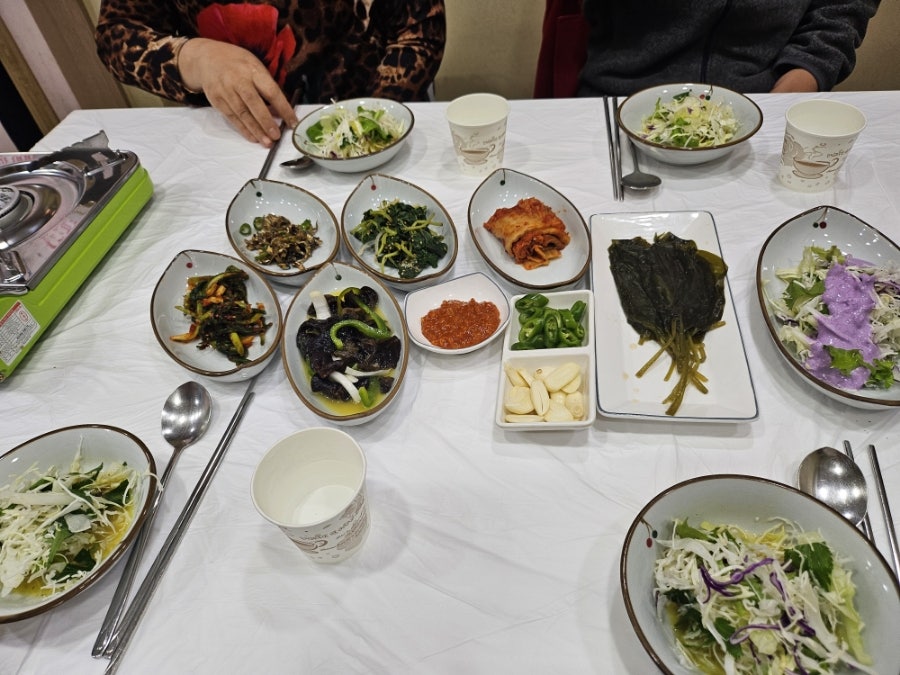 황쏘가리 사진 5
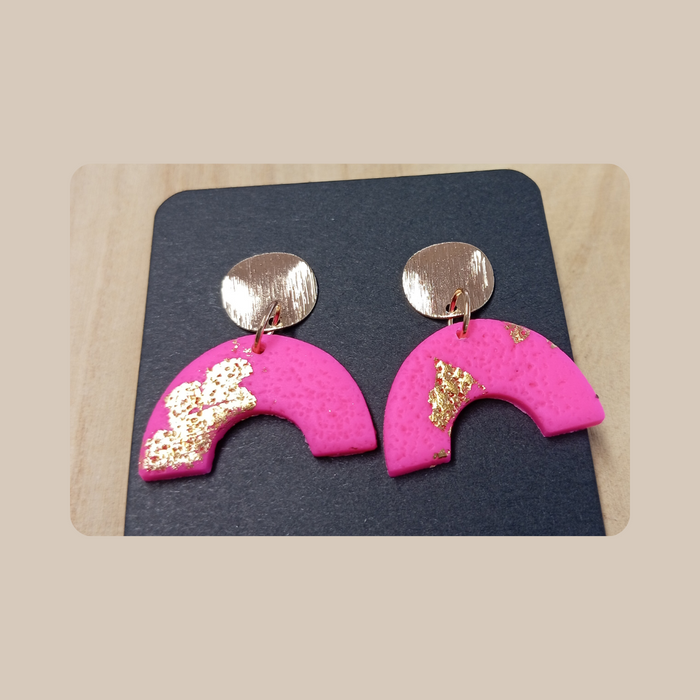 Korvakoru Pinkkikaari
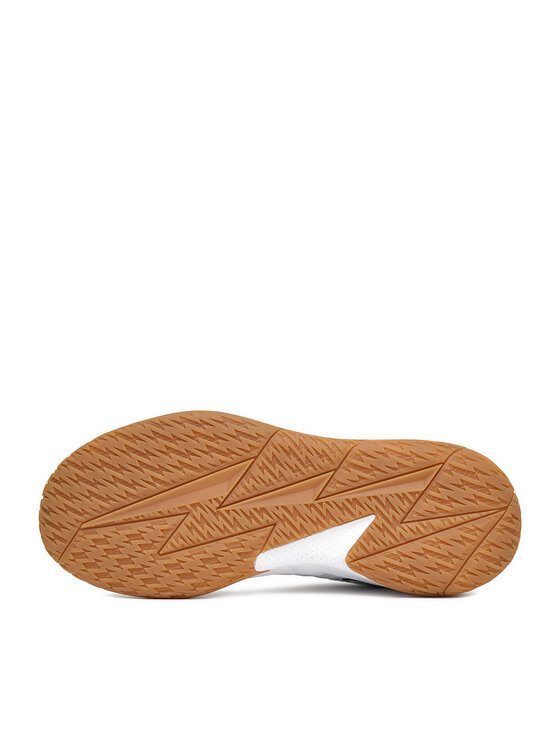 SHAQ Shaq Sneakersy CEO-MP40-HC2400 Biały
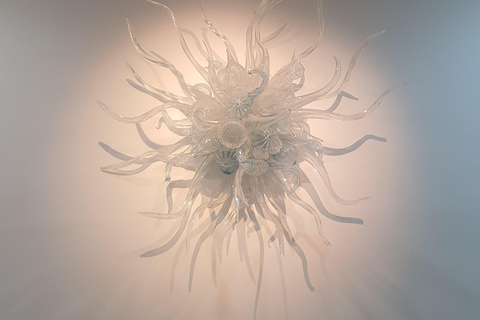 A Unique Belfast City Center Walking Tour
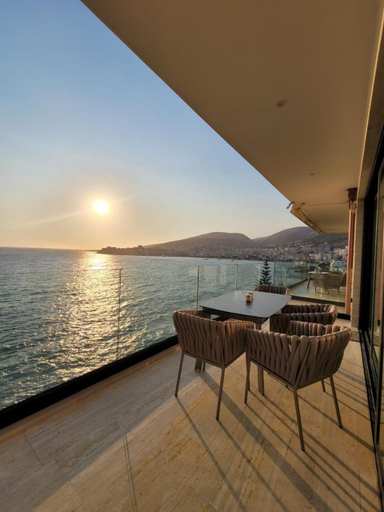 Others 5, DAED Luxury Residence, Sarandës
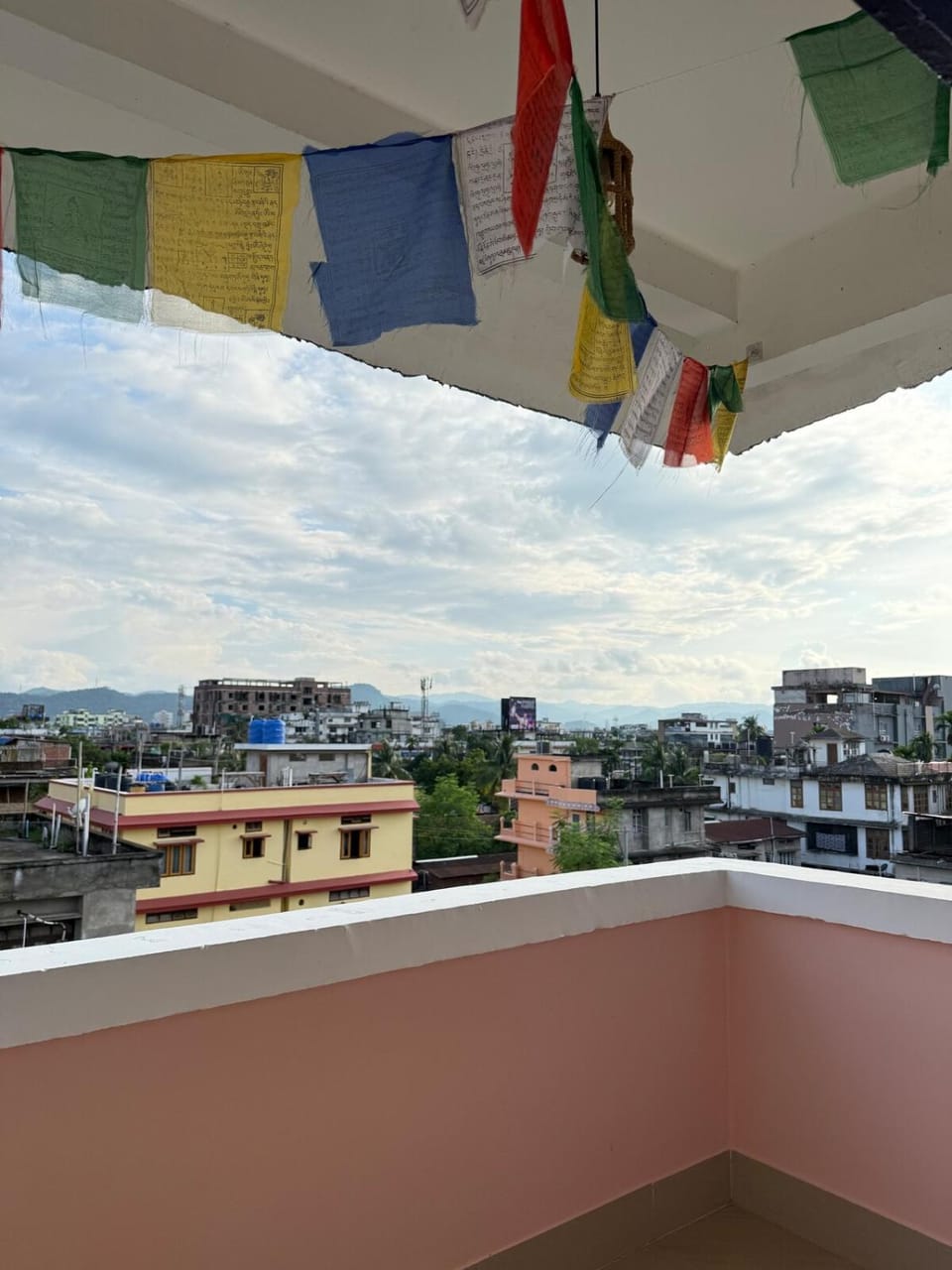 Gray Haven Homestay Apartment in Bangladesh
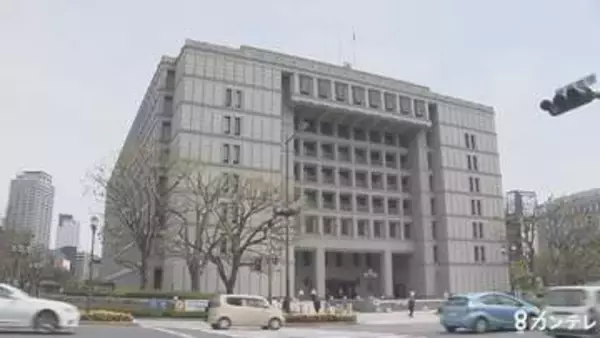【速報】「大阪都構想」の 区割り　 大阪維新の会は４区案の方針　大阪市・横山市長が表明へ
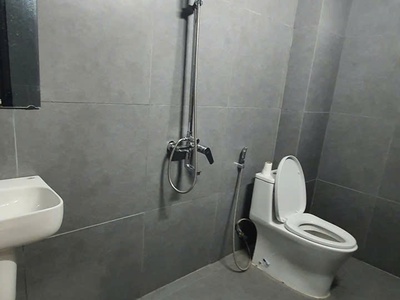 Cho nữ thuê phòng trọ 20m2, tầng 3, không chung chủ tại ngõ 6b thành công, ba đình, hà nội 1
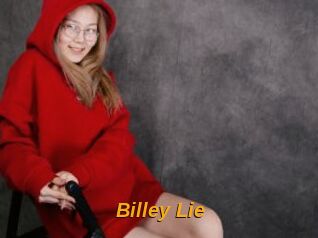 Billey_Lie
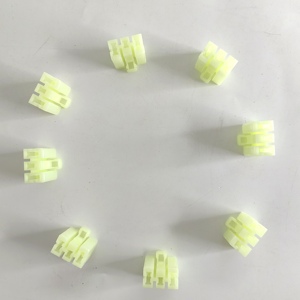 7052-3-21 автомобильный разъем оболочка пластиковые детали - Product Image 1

------------------------------------

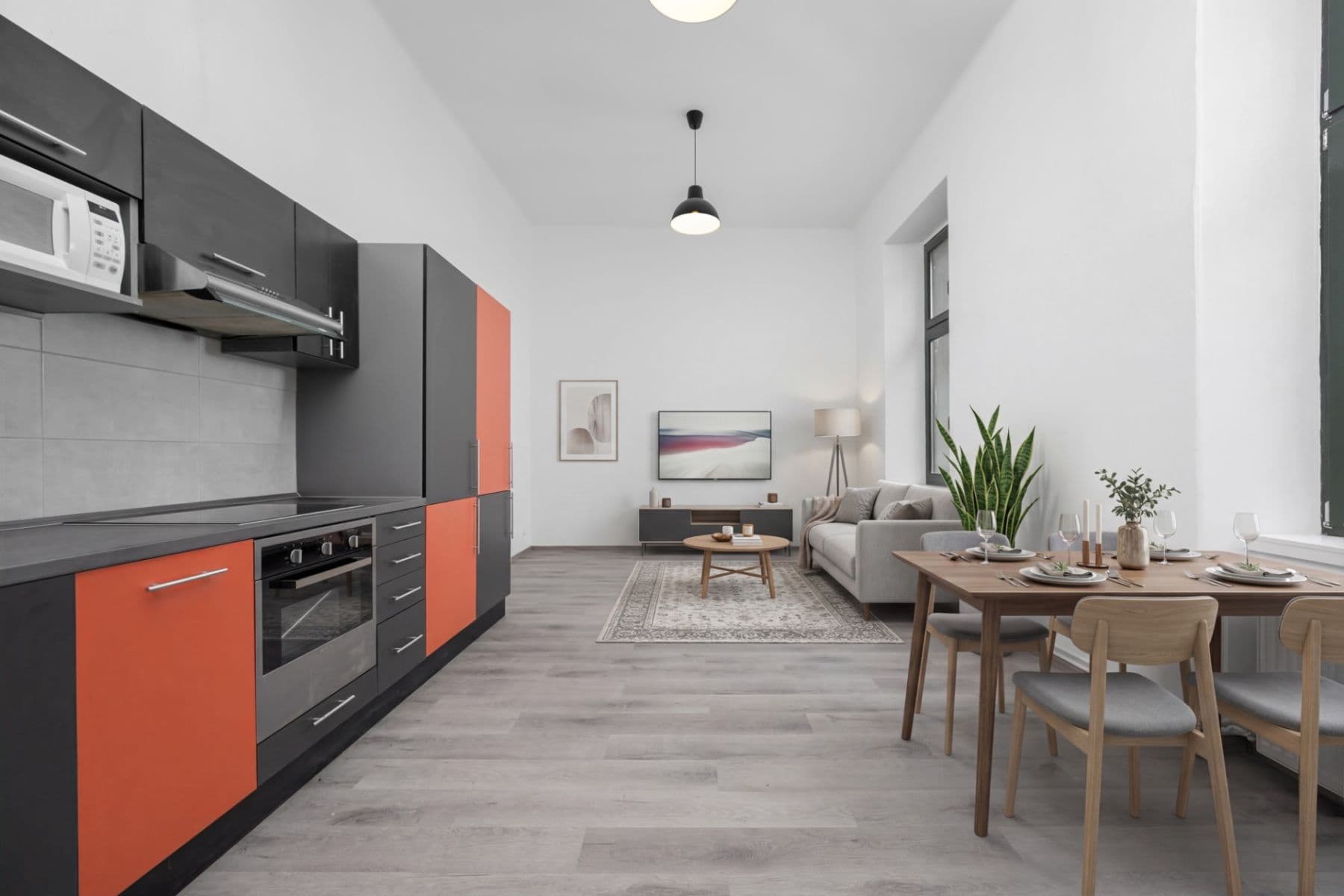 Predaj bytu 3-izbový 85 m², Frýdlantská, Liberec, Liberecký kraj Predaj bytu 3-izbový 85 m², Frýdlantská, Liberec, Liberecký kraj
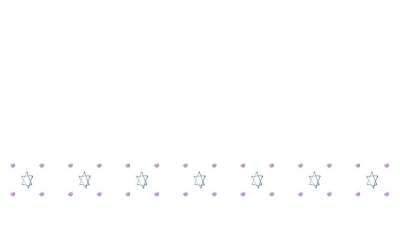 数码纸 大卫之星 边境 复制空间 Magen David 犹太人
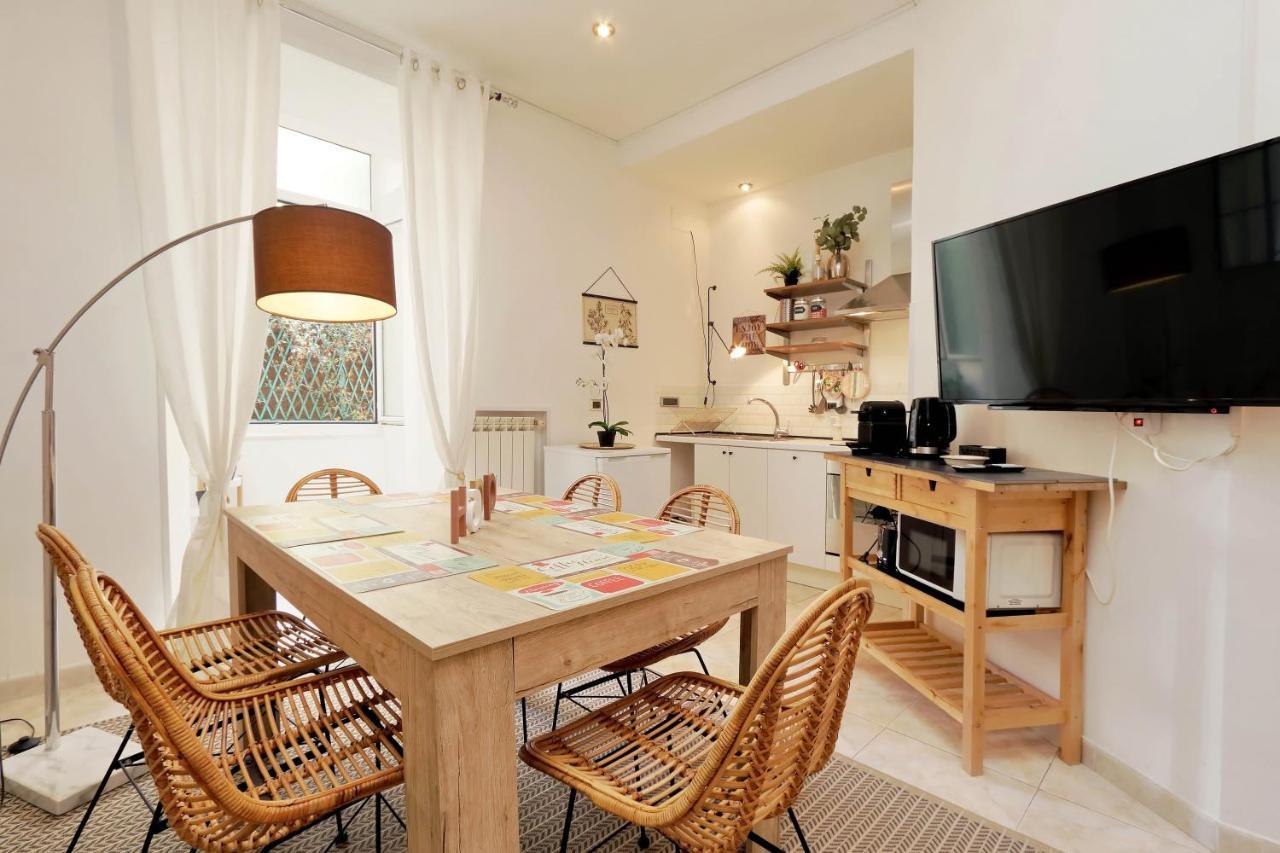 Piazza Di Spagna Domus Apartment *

------------------------------------

▶ [Work order]
Repeat exactly, and only, the entries from the line with "Gray Haven Homestay Apartment in Bangladesh" through the line with "7052-3-21 автомобильный разъем". Pictures are skipped.

▶ [Reply]
 Gray Haven Homestay Apartment in Bangladesh
【速報】「大阪都構想」の 区割り　 大阪維新の会は４区案の方針　大阪市・横山市長が表明へ
 Cho nữ thuê phòng trọ 20m2, tầng 3, không chung chủ tại ngõ 6b thành công, ba đình, hà nội 1
 Billey_Lie
 7052-3-21 автомобильный разъем оболочка пластиковые детали - Product Image 1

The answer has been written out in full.